### What the task asks
These records contain pictures, which must be left out; copy exactly the lines from the one with "Black Leopard Striped Colorblock T-shirt Black" up to and including the one with "炸丸子猪肉丸子龙眼丸子的做法".

### Records for this task
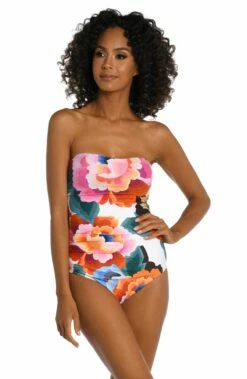 Floral Rhythm Bandeau One Piece 7 Floral Rhythm Bandeau One Piece -Lablanca Sales Shop LB3VE13 MLT F 2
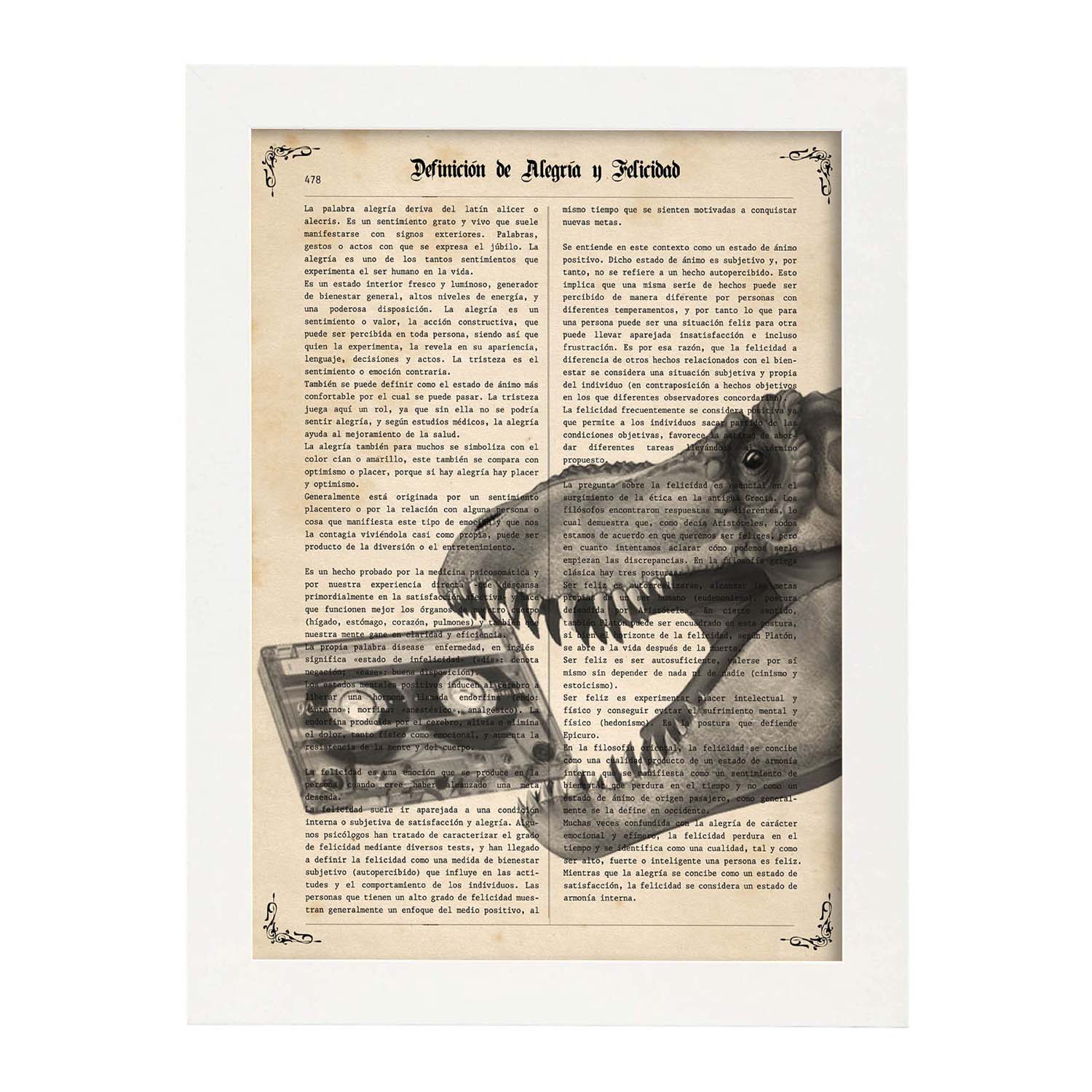 Poster de Dinosaurio con casete. Láminas de animales con definiciones. Regalo para los amantes de los animales.-Artwork-Nacnic-Nacnic Estudio SL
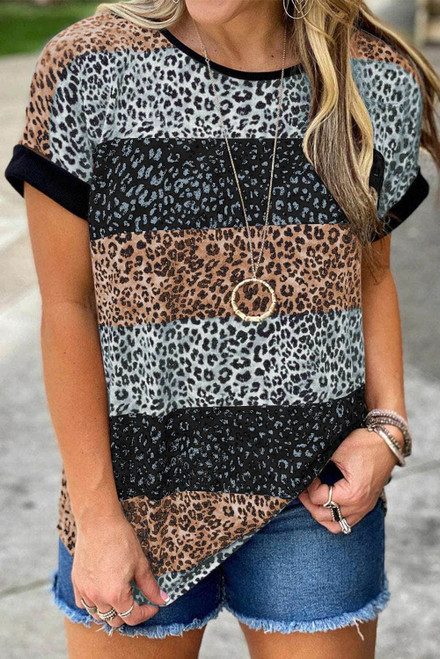 Black Leopard Striped Colorblock T-shirt Black Leopard Striped Colorblock T-shirt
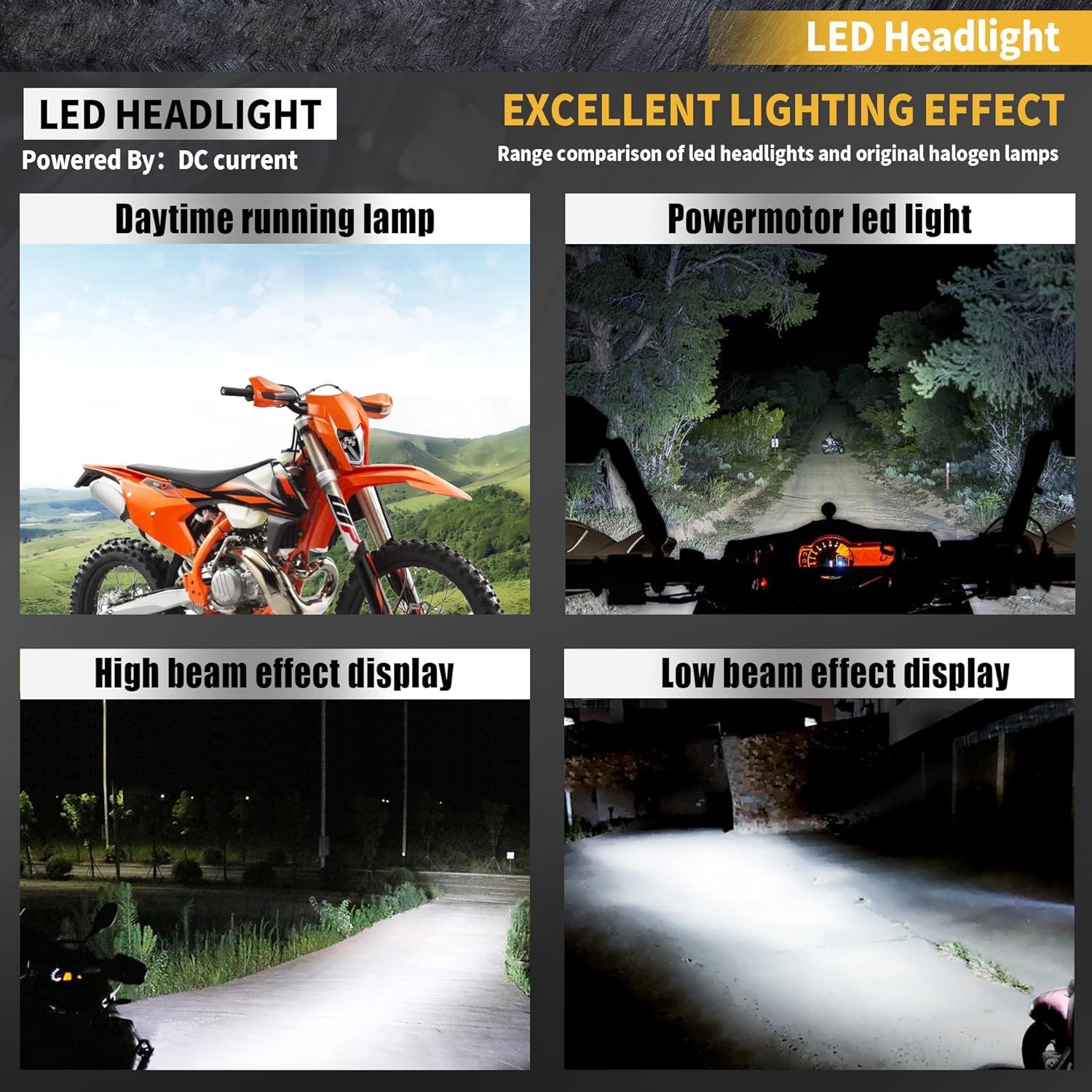 Generico LED Faro Anteriore Universale Motocross Mascherina Moto con Faro V-Face Universale Cross Enduro Supermoto Bianco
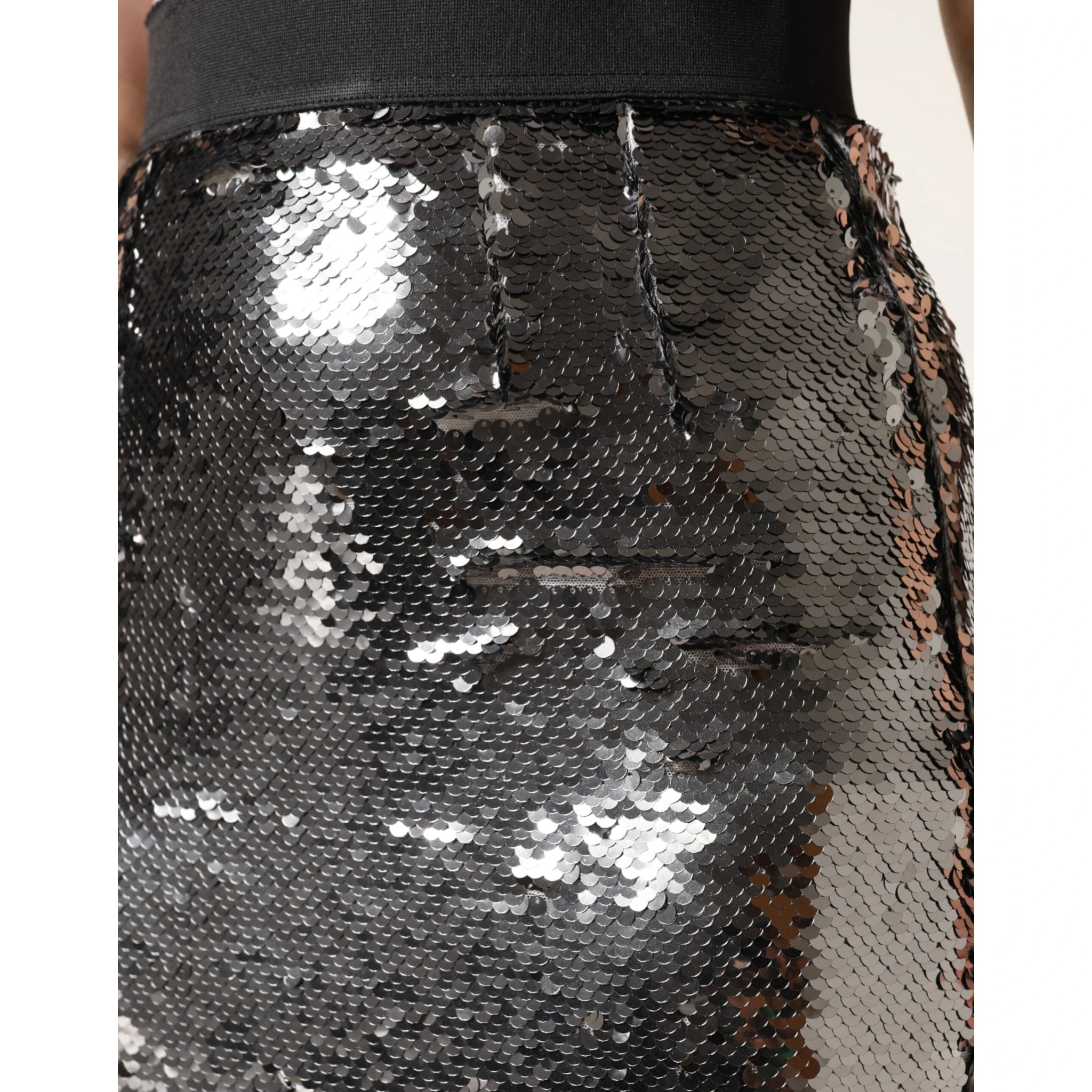 Metallic Gray Sequin High Waist Mermaid Skirt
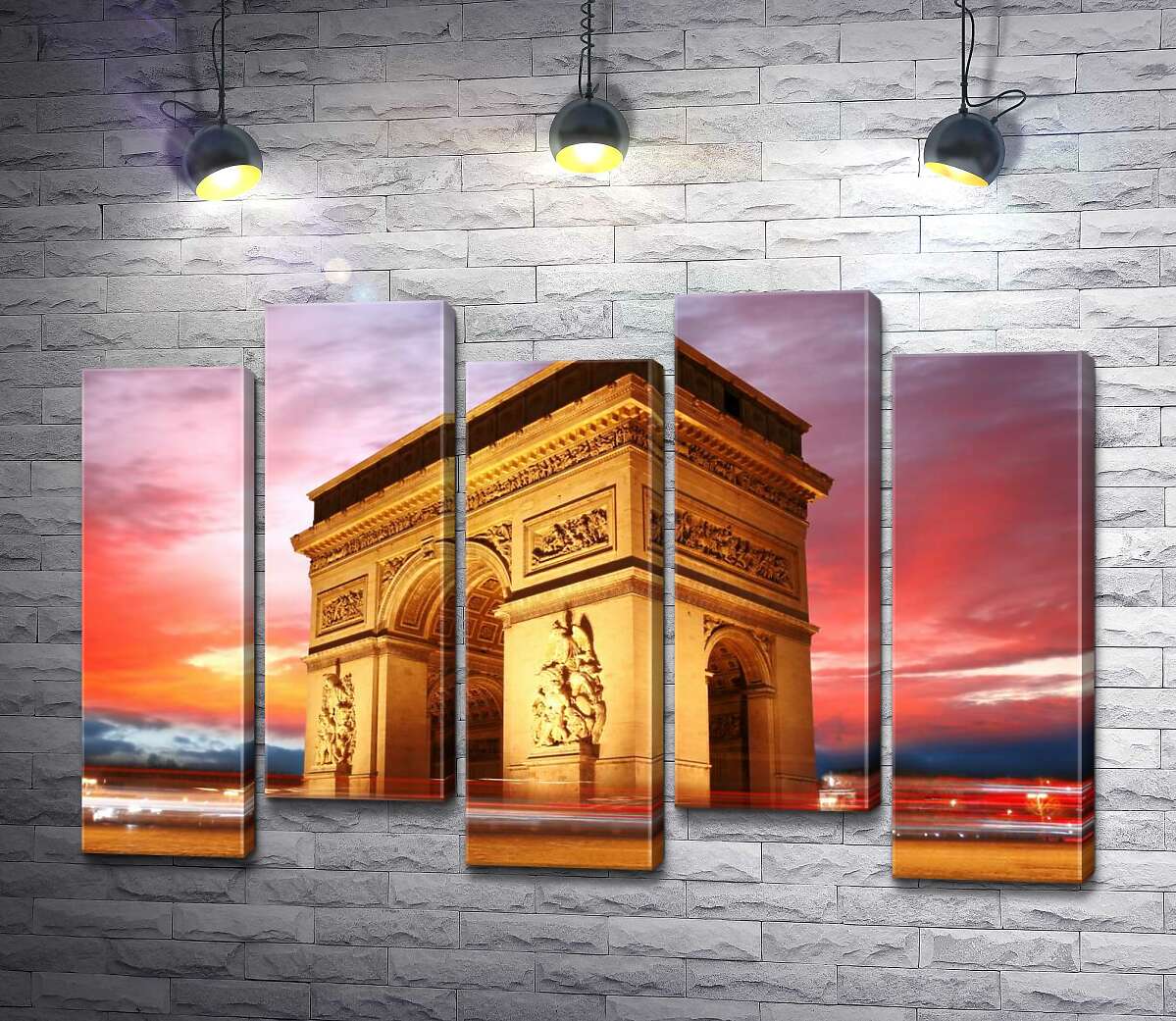 модульная картина Величие Триумфальной арки (Arc de Triomphe de l'Étoile) в Париже (Модуль №30)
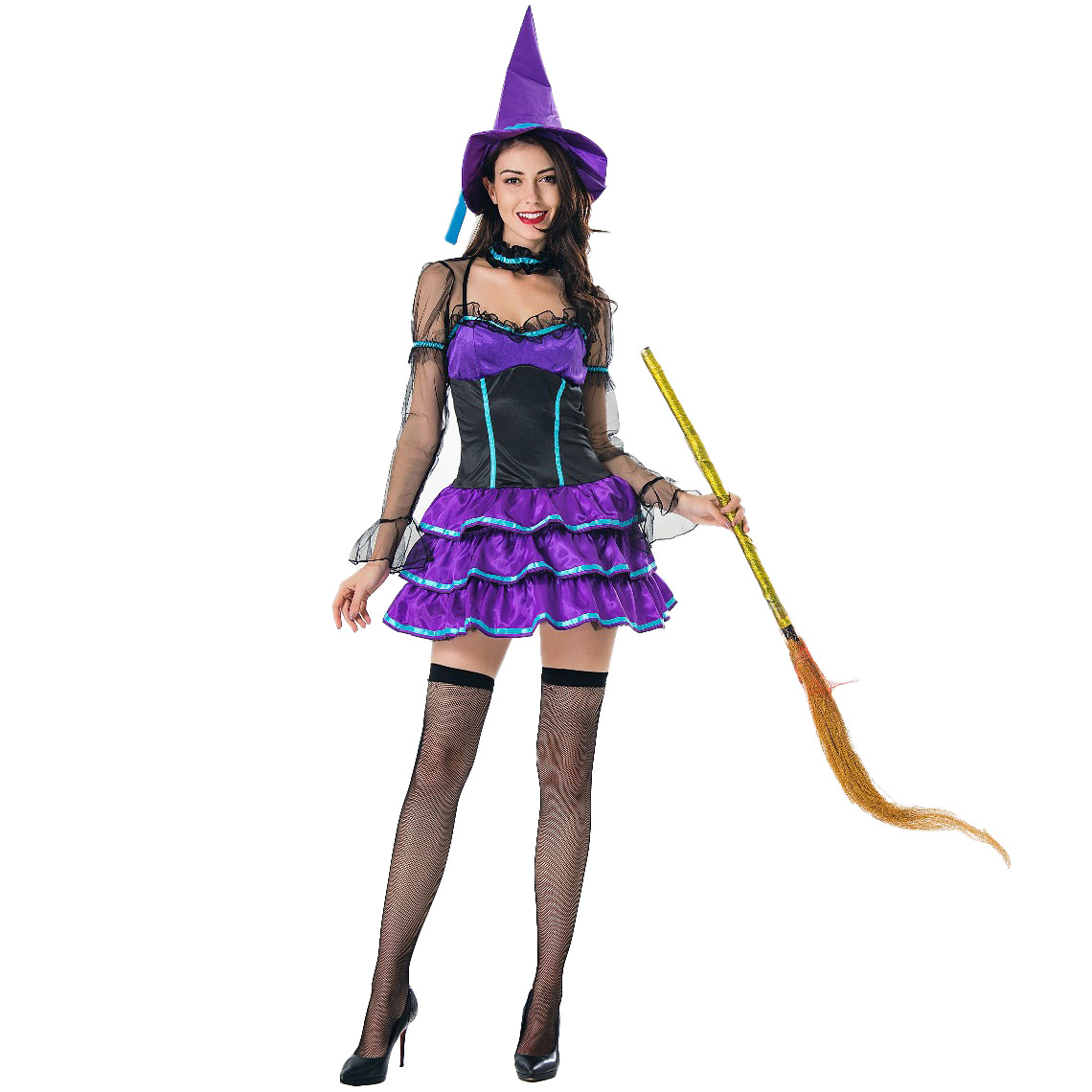 欧美角色扮演女式万圣节斗篷女巫服装 cosplay 舞台服表演服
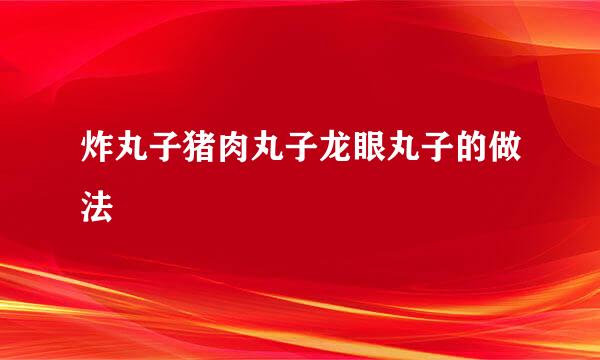 炸丸子猪肉丸子龙眼丸子的做法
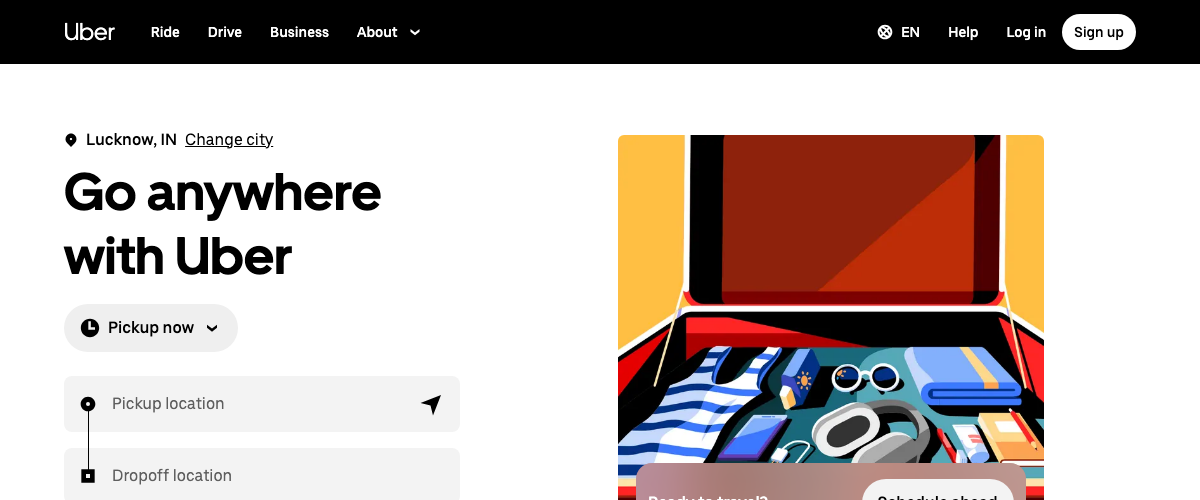 Uber ride-hailing and delivery platform homepage
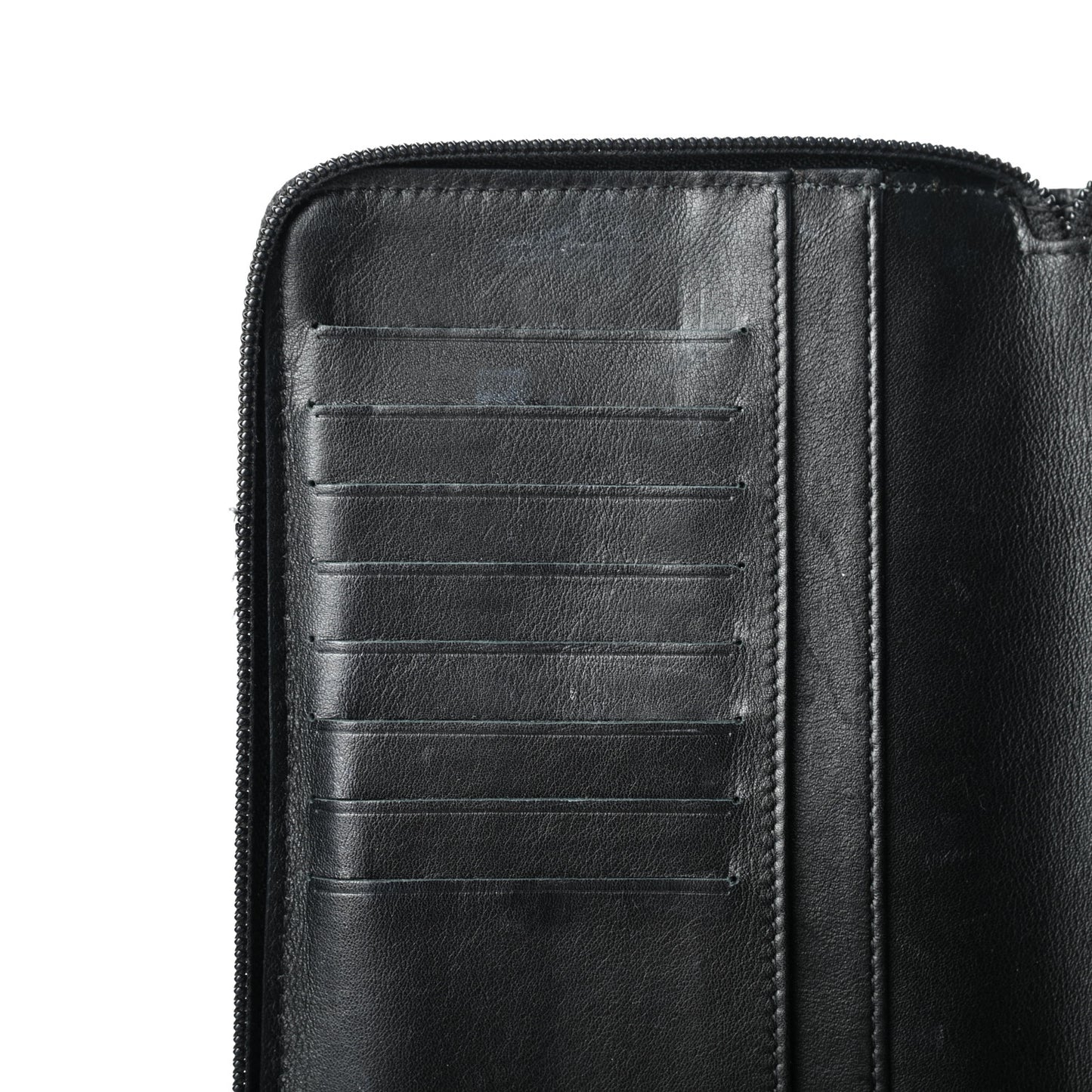 Caviar Large Timeless CC Zip Around Organizer Wallet Black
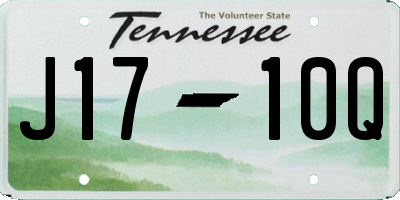 TN license plate J1710Q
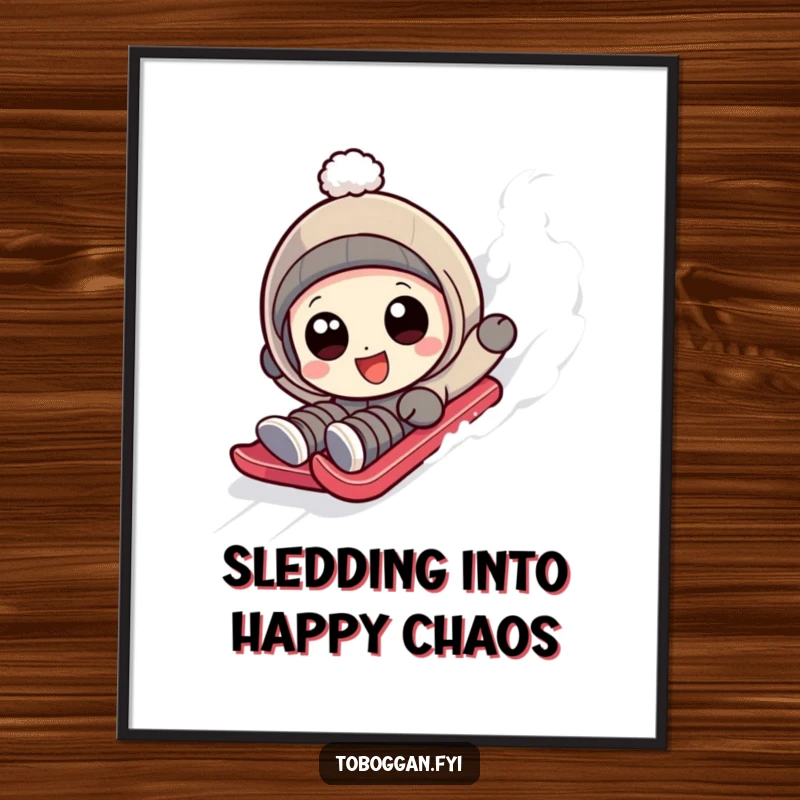 Funny Free Printable Wall Art: A character with wide, happy eyes hilariously tumbling down a sledding slope.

### Answer for the task
 Black Leopard Striped Colorblock T-shirt Black Leopard Striped Colorblock T-shirt
 Generico LED Faro Anteriore Universale Motocross Mascherina Moto con Faro V-Face Universale Cross Enduro Supermoto Bianco
 Metallic Gray Sequin High Waist Mermaid Skirt
 модульная картина Величие Триумфальной арки (Arc de Triomphe de l'Étoile) в Париже (Модуль №30)
 欧美角色扮演女式万圣节斗篷女巫服装 cosplay 舞台服表演服
 炸丸子猪肉丸子龙眼丸子的做法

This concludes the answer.